● Directions: Please write out exactly the lines of the data below from the line holding "This pair of" through the line holding "Hand with a", and leave out the rest.

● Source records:
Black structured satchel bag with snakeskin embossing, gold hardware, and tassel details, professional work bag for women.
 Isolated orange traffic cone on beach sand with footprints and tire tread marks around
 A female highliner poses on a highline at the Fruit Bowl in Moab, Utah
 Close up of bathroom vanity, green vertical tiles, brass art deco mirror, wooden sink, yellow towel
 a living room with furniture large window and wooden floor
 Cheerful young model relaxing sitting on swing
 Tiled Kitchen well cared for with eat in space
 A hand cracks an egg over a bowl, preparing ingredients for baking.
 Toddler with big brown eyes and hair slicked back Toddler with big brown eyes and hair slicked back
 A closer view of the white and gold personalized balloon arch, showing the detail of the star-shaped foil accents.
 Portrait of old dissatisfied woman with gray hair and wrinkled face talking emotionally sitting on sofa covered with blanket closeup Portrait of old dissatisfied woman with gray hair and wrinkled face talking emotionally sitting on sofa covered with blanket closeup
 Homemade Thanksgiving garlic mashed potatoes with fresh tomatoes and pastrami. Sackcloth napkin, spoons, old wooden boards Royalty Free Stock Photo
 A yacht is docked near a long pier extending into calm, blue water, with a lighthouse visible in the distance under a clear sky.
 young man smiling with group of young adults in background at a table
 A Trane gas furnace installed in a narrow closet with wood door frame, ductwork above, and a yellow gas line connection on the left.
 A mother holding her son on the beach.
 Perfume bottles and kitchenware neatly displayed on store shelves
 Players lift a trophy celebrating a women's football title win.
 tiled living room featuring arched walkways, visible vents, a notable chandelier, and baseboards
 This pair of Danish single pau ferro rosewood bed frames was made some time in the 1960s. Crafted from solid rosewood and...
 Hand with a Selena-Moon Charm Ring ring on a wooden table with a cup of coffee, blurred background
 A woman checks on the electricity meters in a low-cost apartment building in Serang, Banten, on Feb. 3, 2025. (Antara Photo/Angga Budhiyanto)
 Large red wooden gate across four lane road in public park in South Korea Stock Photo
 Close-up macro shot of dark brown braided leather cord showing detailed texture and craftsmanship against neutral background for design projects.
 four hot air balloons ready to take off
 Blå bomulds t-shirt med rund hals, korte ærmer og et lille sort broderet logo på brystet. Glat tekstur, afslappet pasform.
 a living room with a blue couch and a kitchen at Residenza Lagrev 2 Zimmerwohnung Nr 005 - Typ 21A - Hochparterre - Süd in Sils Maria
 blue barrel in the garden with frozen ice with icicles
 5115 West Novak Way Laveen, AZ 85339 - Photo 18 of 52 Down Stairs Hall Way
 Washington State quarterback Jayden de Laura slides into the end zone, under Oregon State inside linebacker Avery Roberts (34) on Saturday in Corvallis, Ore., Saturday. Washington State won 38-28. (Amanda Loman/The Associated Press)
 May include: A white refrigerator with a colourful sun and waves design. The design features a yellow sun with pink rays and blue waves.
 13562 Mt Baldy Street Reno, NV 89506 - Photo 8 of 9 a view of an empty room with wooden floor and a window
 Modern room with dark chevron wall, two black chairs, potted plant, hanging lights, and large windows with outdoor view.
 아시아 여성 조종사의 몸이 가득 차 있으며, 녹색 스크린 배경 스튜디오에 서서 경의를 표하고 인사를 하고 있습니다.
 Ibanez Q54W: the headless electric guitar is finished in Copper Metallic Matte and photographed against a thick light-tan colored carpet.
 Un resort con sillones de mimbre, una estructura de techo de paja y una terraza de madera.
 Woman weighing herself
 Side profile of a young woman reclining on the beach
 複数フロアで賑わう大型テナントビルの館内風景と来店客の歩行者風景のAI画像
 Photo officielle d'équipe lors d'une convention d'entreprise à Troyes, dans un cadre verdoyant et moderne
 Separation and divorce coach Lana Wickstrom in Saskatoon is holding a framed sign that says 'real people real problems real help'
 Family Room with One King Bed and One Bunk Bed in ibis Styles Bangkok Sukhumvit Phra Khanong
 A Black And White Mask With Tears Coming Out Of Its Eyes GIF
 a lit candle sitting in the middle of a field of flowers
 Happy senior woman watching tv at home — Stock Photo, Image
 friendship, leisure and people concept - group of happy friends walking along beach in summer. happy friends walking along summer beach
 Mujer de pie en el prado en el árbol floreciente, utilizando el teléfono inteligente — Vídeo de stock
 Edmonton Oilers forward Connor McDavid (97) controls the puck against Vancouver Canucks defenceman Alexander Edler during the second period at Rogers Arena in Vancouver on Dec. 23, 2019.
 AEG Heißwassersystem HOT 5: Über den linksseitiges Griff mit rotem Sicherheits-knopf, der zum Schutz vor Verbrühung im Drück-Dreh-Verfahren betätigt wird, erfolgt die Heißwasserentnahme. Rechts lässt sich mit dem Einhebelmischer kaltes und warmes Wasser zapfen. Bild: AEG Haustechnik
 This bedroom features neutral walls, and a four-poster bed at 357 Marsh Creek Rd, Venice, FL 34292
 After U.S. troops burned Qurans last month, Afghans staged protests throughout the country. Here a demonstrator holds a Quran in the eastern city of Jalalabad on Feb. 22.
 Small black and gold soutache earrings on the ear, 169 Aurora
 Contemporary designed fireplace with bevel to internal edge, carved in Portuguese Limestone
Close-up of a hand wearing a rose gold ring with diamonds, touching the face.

● Task result:
 This pair of Danish single pau ferro rosewood bed frames was made some time in the 1960s. Crafted from solid rosewood and...
 Hand with a Selena-Moon Charm Ring ring on a wooden table with a cup of coffee, blurred background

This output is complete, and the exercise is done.